A saúde como forma de política de morte: por onde anda o Departamento de Aids?

Governo mudou nome do departamento sobre DSTs por decreto, excluindo a palavra Aids. Mudança em um governo conservador e em meio à crise econômica pode invisibilizar políticas na área

Ação do Instituto de Infectologia Emílio Ribas solta 10 mil balões vermelhos em São Paulo para celebrar luta contra a Aids.
Ação do Instituto de Infectologia Emílio Ribas solta 10 mil balões vermelhos em São Paulo para celebrar luta contra a Aids.Rovena Rosa (Agência Brasil)

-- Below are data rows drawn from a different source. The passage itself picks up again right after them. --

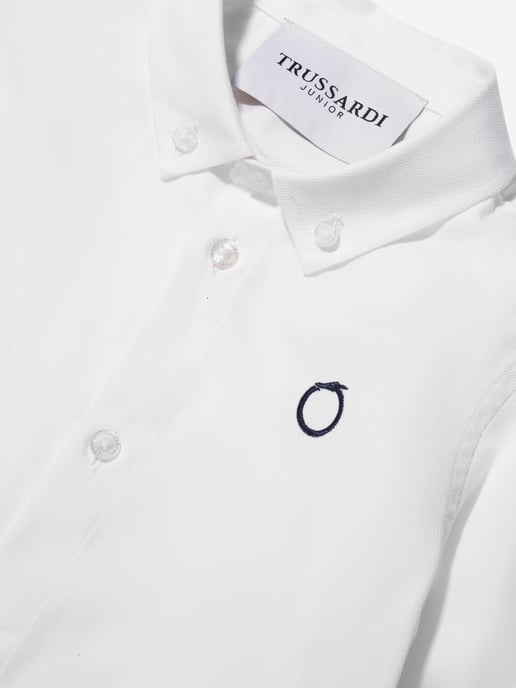 Trussardi Boys Barlog Shirt in Ivory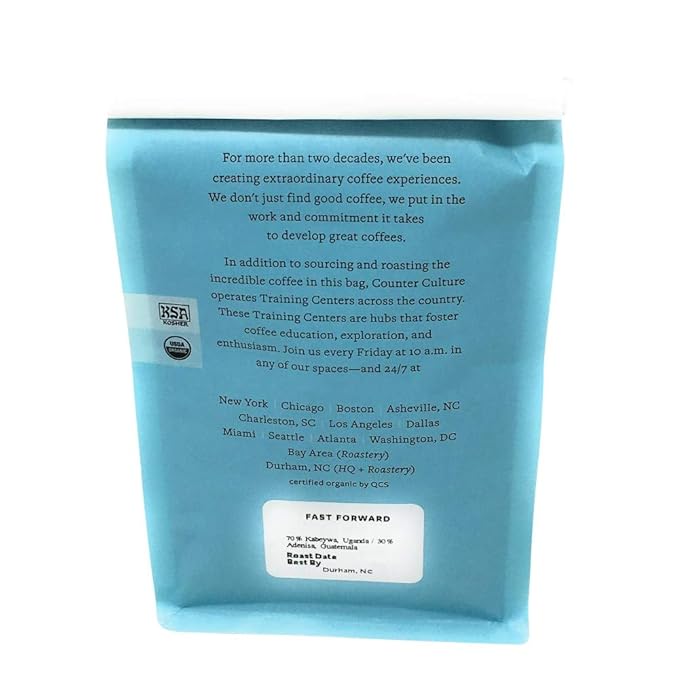 COUNTER CULTURE COFFEE Fast Forward Coffee Blend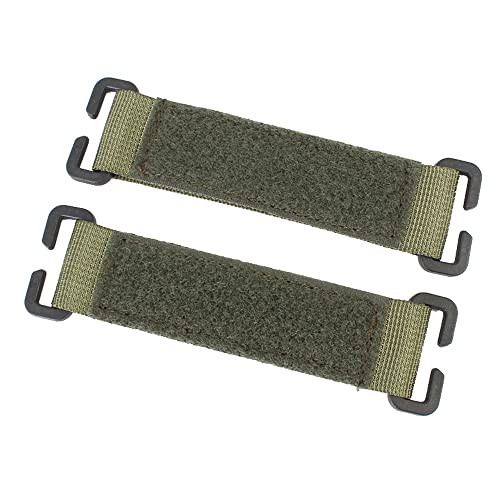 ROCOTACTICAL Molle Strips for Attaching Tactical ID Patches for 1-inch high Patches,2pack,AGM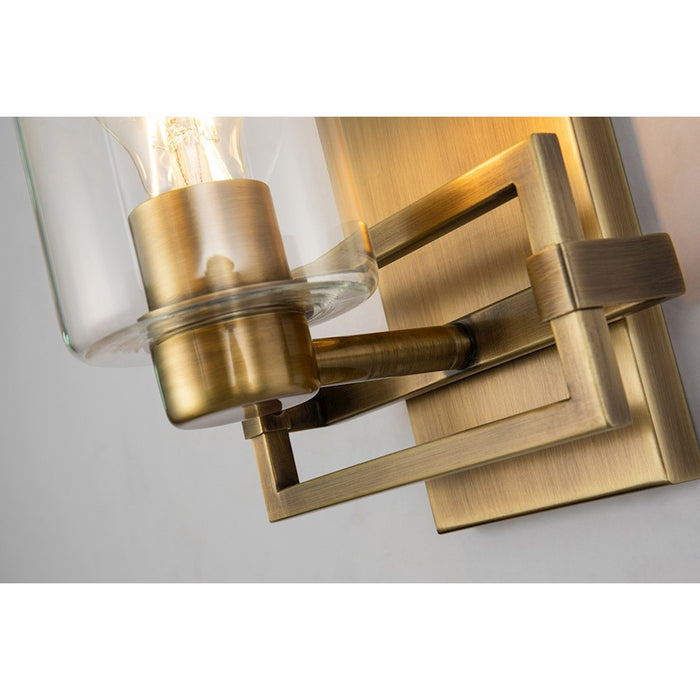 Lucas McKearn Estes 1 Light Wall Sconce, Antique Brass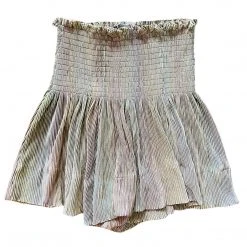 Shop Queen Of Sparkles Champagne Pleat Swing Short Shorts
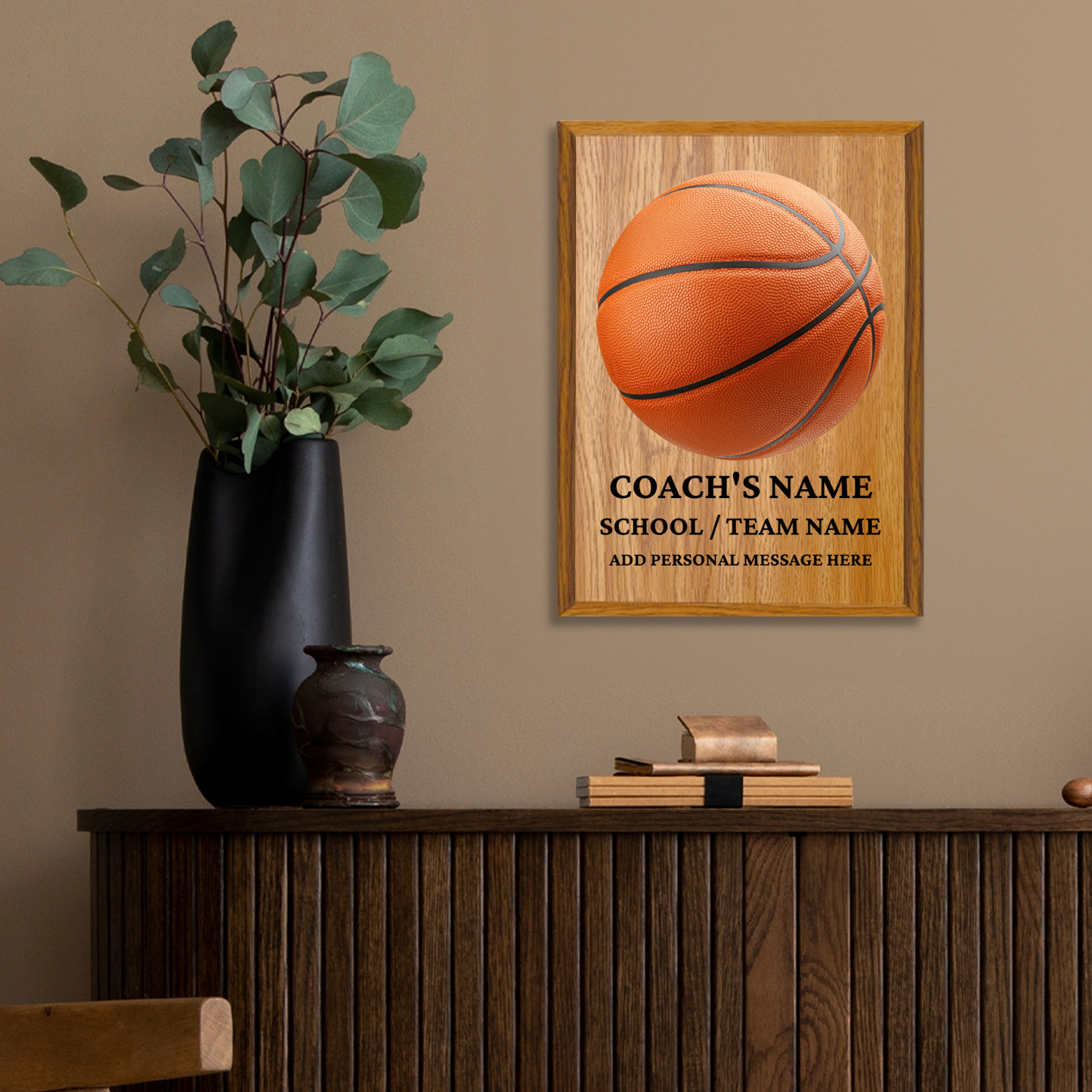 Personalized UV Printed Luxury Award Basketball  9" x 12"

O Brasil foi pioneiro mundial na construção de respostas governamentais à epidemia de HIV/Aids. Em 1986 foi criada a Coordenação Nacional DST/Aids, depois denominado de Departamento de IST, Aids e Hepatites Virais, vinculado ao Ministério da Saúde. No dia 17 de maio de 2019 recebe a mais nova denominação “Departamento de Doenças de Condições Crônicas e Infecções Sexualmente Transmissíveis” por meio do Decreto nº 9.795. O que quero destacar é que não se trata apenas uma questão de nomenclatura, mas é interessante no atual contexto político a exclusão da palavra Aids do Departamento. Voltaremos a essa questão no texto.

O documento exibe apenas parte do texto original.